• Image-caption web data
= = = =

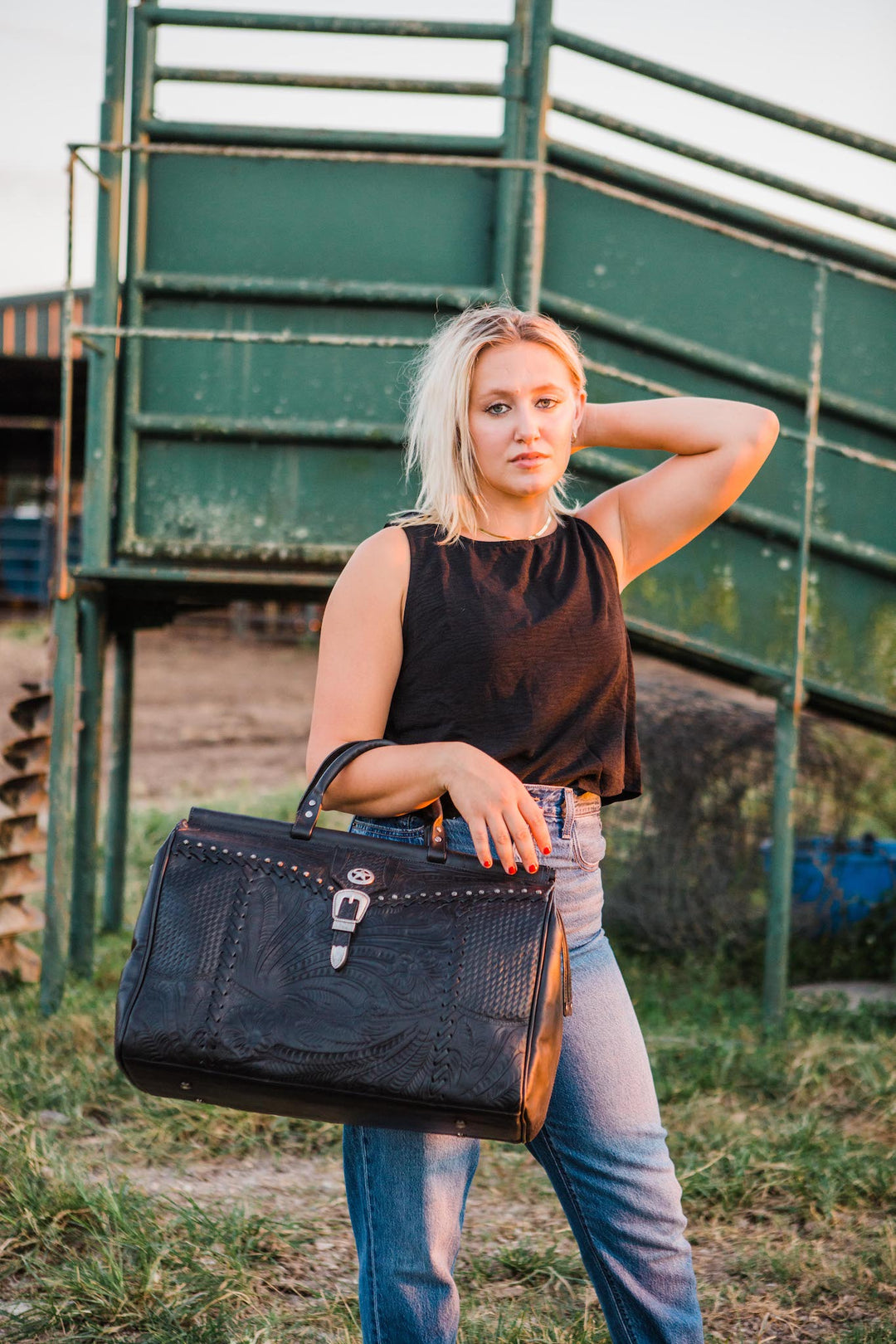 Lifestyle with model of Classic Travel duffel bag in black with hand tooled leather and buckle set accents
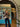 Person taking a mirror selfie in a stylish room with a blue cabinet and clothing rack.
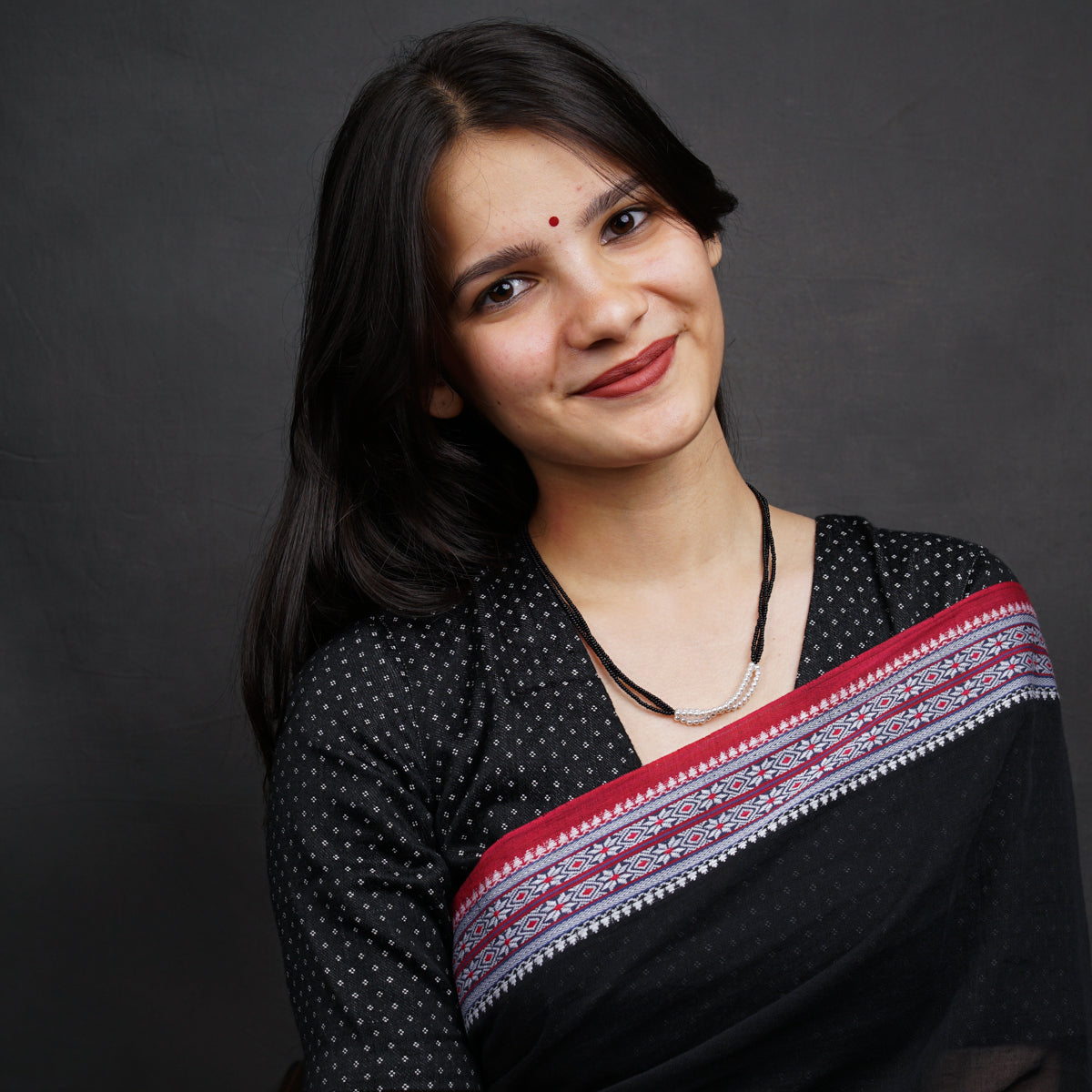 a woman wearing a black and red sari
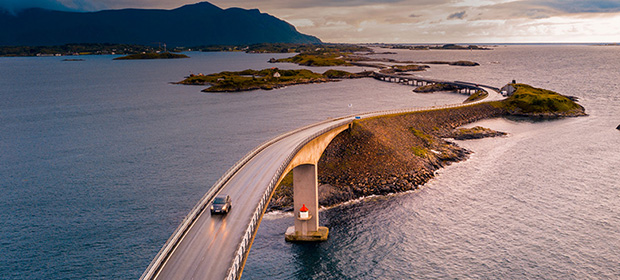 Bil kjører over en bro ute i havgapet med holmer, fjell og sjø i bakgrunnen
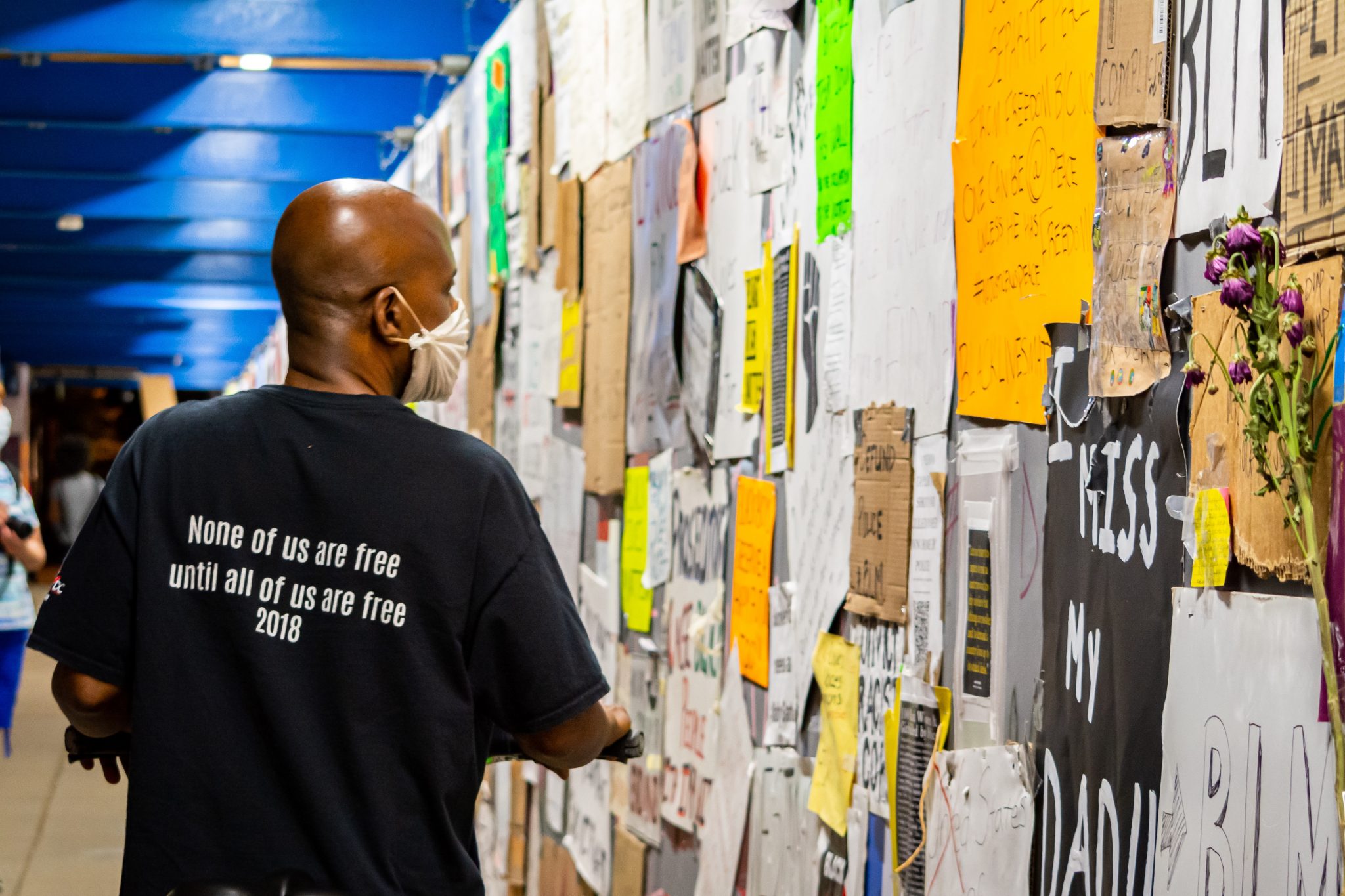 Photo of many in t-shirt that reads, &quot;None of us are free until all of us are free, 2018,&quot; looking at a bulletin board.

= = = =

• EXERCISE DIRECTIONS
Exactly as written, restate the lines from the one that contains "a woman wearing a black and red sari" through the final line of the data, both ends included, but leave out the pictures.

• RESPONSE
 a woman wearing a black and red sari
 Bil kjører over en bro ute i havgapet med holmer, fjell og sjø i bakgrunnen
 Photo of many in t-shirt that reads, &quot;None of us are free until all of us are free, 2018,&quot; looking at a bulletin board.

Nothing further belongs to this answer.